» **DATASET EXCERPTS**:
"""

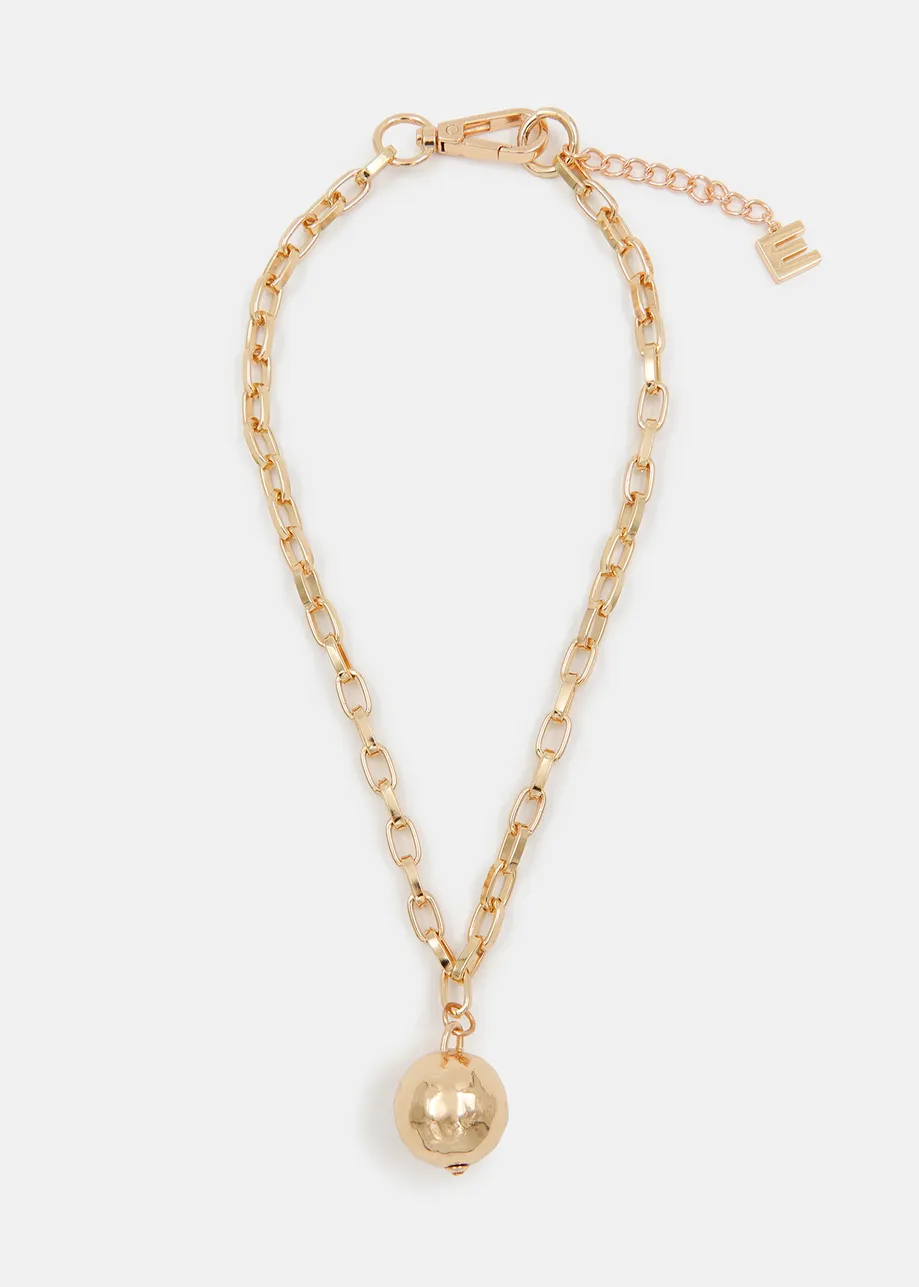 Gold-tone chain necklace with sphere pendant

"""
"""

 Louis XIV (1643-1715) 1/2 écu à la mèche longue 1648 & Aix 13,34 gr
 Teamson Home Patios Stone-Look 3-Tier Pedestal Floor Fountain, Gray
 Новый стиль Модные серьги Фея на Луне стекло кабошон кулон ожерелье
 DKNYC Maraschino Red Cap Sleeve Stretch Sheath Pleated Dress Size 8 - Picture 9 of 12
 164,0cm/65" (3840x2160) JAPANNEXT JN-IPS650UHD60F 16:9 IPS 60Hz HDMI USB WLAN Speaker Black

"""
"""

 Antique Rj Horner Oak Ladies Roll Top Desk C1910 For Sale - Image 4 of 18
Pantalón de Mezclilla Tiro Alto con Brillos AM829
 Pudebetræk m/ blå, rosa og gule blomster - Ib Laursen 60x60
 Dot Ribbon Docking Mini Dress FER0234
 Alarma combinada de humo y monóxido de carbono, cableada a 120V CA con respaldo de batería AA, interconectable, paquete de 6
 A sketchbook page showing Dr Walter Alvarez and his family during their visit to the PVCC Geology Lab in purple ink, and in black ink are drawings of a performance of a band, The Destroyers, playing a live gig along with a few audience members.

"""

» **WHAT IS BEING ASKED**: Starting with the line that holds "Antique Rj Horner" and ending with the line that holds "Alarma combinada de", retype every line in the data above exactly, and nothing else.

» **ANSWER TO THE PROBLEM**:
 Antique Rj Horner Oak Ladies Roll Top Desk C1910 For Sale - Image 4 of 18
Pantalón de Mezclilla Tiro Alto con Brillos AM829
 Pudebetræk m/ blå, rosa og gule blomster - Ib Laursen 60x60
 Dot Ribbon Docking Mini Dress FER0234
 Alarma combinada de humo y monóxido de carbono, cableada a 120V CA con respaldo de batería AA, interconectable, paquete de 6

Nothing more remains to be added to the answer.